⟨
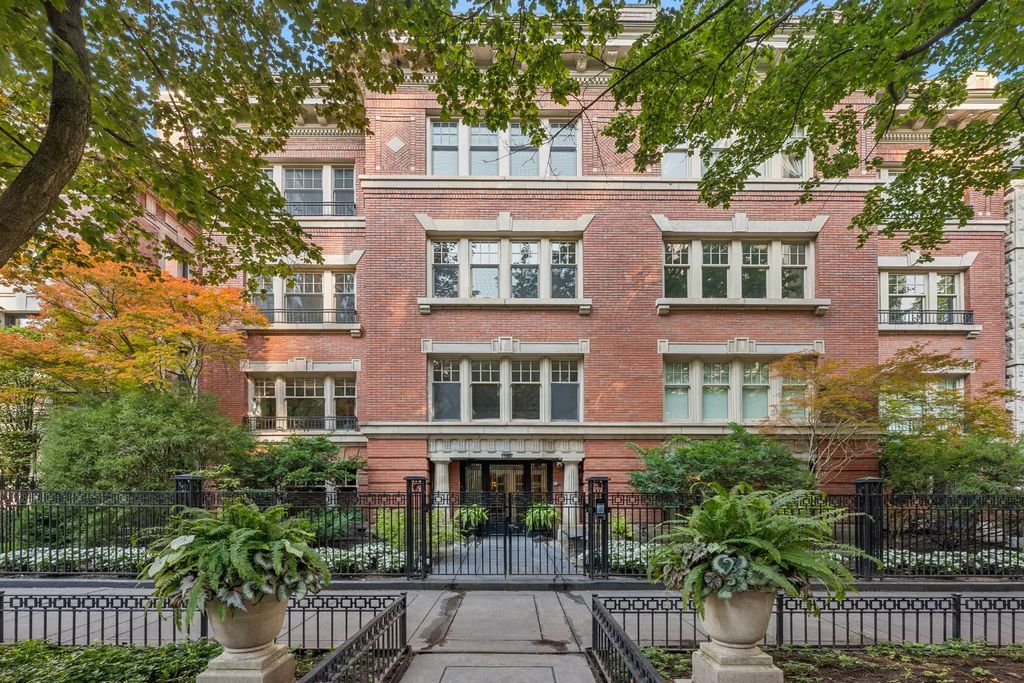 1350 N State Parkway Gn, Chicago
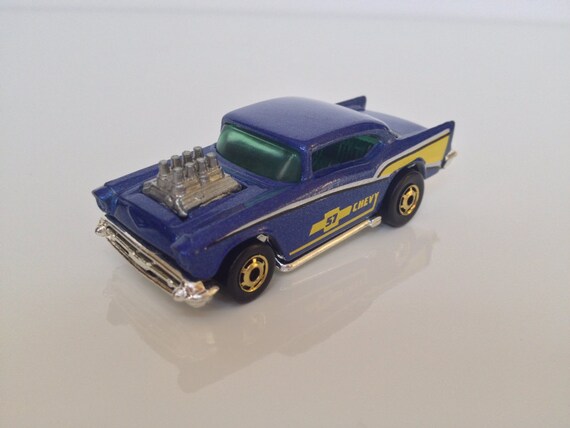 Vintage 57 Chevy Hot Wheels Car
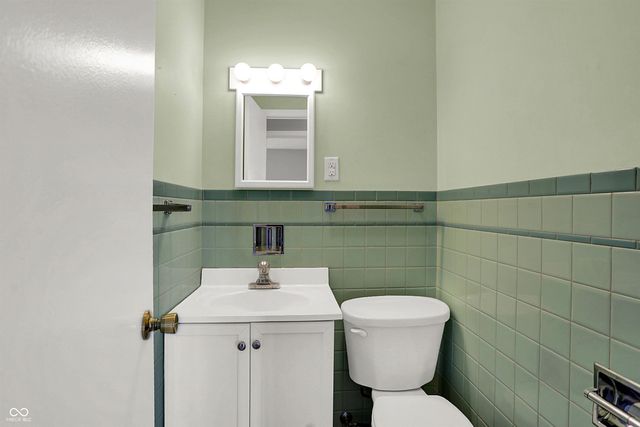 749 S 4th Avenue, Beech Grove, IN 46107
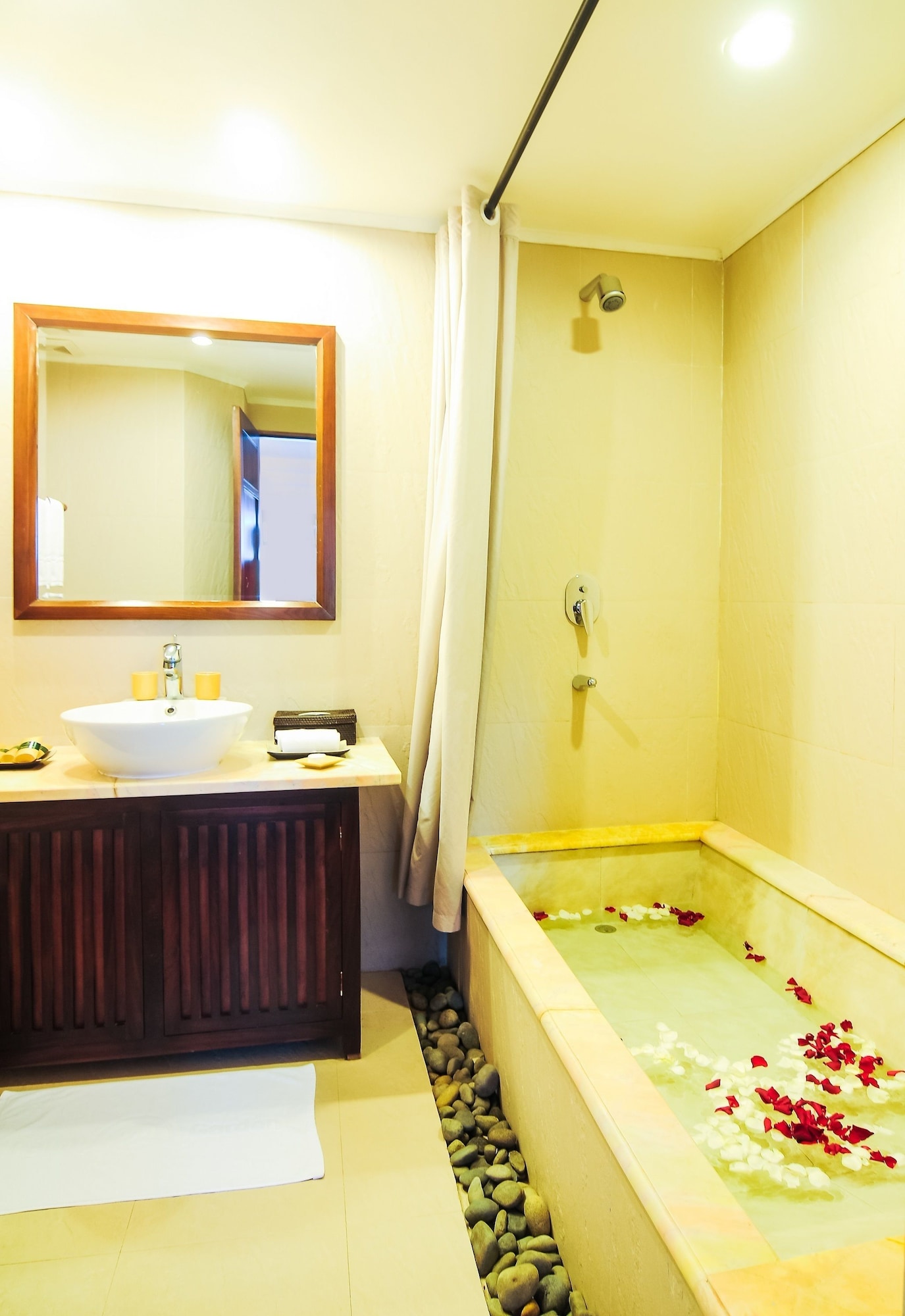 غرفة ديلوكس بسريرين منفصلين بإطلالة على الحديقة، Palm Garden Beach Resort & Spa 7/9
⟩
### What is being asked
Without any pictures, transcribe the listing above exactly as written.

### Solution to the exercise
 1350 N State Parkway Gn, Chicago
 Vintage 57 Chevy Hot Wheels Car
 749 S 4th Avenue, Beech Grove, IN 46107
 غرفة ديلوكس بسريرين منفصلين بإطلالة على الحديقة، Palm Garden Beach Resort & Spa 7/9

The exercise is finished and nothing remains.